Autoworker walks across Ohio for health care

Dave Pavlick doesn’t fit any of the tired old stereotypes of an activist. At age 53, a former Marine and active UAW member, Dave spent 30 years working as a corrections officer. A family man, he and his wife Taffy have three children. Pavlick is a strongly religious Christian, very active in his church. One might expect he would view these days as a time to relax, or maybe take a vacation at the seashore.

Instead, Dave took his vacation from his job as a staff representative for the UAW in Cleveland so that he could walk 600 miles across the entire state of Ohio.

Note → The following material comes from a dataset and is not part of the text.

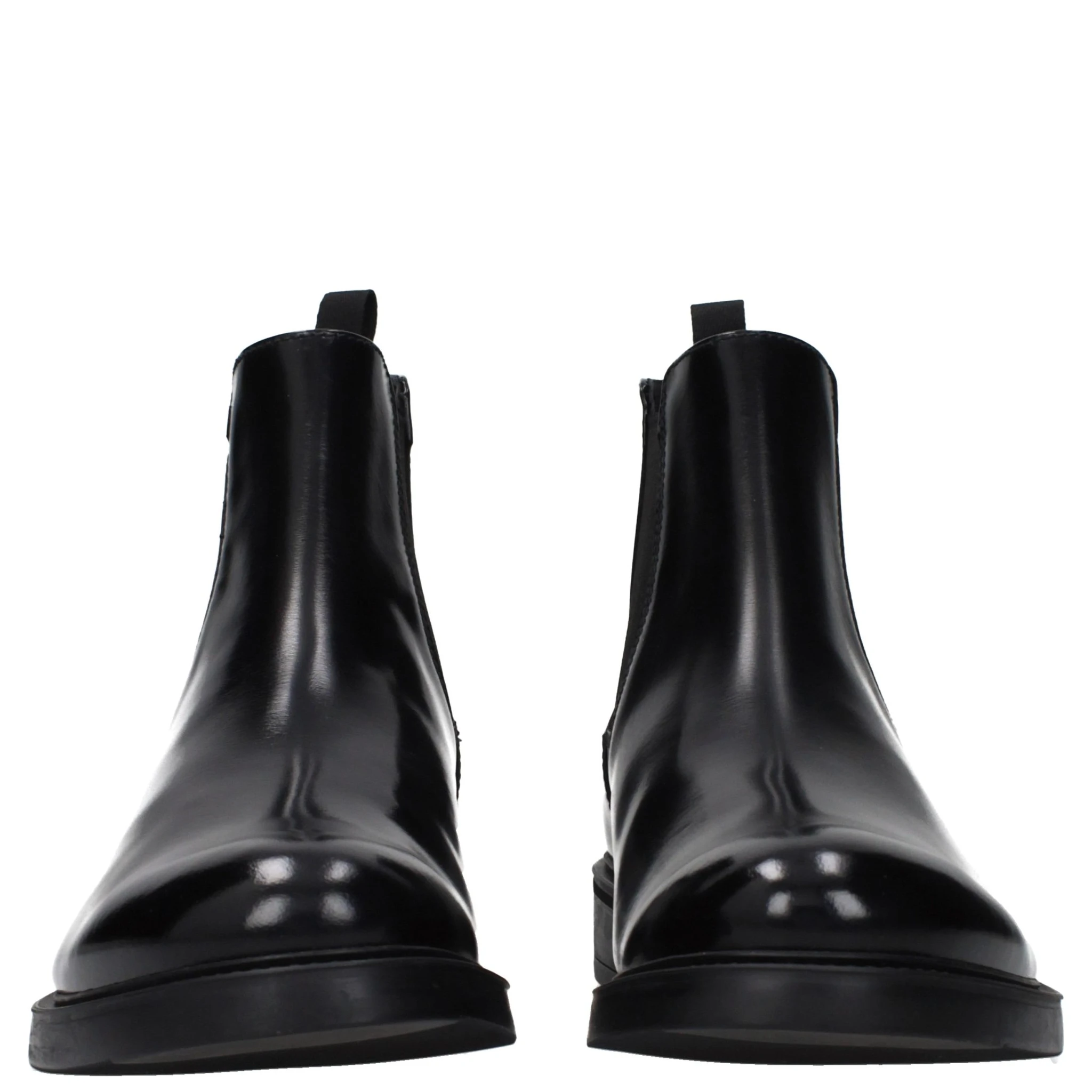 حذاء كاحل من الجلد الأسود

He stopped at community after community to hold press conferences and talk with regular folks, supporting the Health Care for All Ohioans Act.

Dave is also a regional coordinator for the new Single Payer Action Network movement in Ohio, which has developed this universal health care proposal. 100,000 signatures are needed to place this bill on the Ohio ballot, and Dave figured that a nice hike around the state would be a great opportunity to collect signatures, as well as popularizing the SPAN movement and the need for universal health care.

“The regular corporate controlled media just seemed like they had no interest in covering the growing movement for universal health care,” Pavlick stated, “so it just seemed like a good idea to take the issue directly to the people.”

After stopping at 23 towns and cities, Dave completed his walk around Ohio with a rousing welcome home rally in front of Cleveland City Hall on July 27.

“I can tell you that the people of Ohio are certainly supportive, anxious for and ready to fight for universal health care,” Pavlick told the rally.

Pavlick said that the most satisfying part of his walk was the great number of average folks who came out to support him, walk with him, took him into their homes, fed him and organized the rallies and media events at each of the stops.

Dr. Sheila Conrad and her husband Robert Conrad, a professor at the University of Dayton, walked with Dave through the Miami Valley.

“We’re looking to make things better,” Robert Conrad said. “The United States is the only industrialized nation without a universal health care system for its people. Even small countries like Cuba provide health care for all its people. We are the richest nation, but the wealth isn’t going where it should.”

At a rally at the State Capitol in Columbus, Pavlick called the present health care system “an insult to the American people.”

Don Coulter, a member of Steelworkers Organization of Active Retirees, was an organizer of the Columbus event. Coulter said that universal health care is “an idea whose time has come.”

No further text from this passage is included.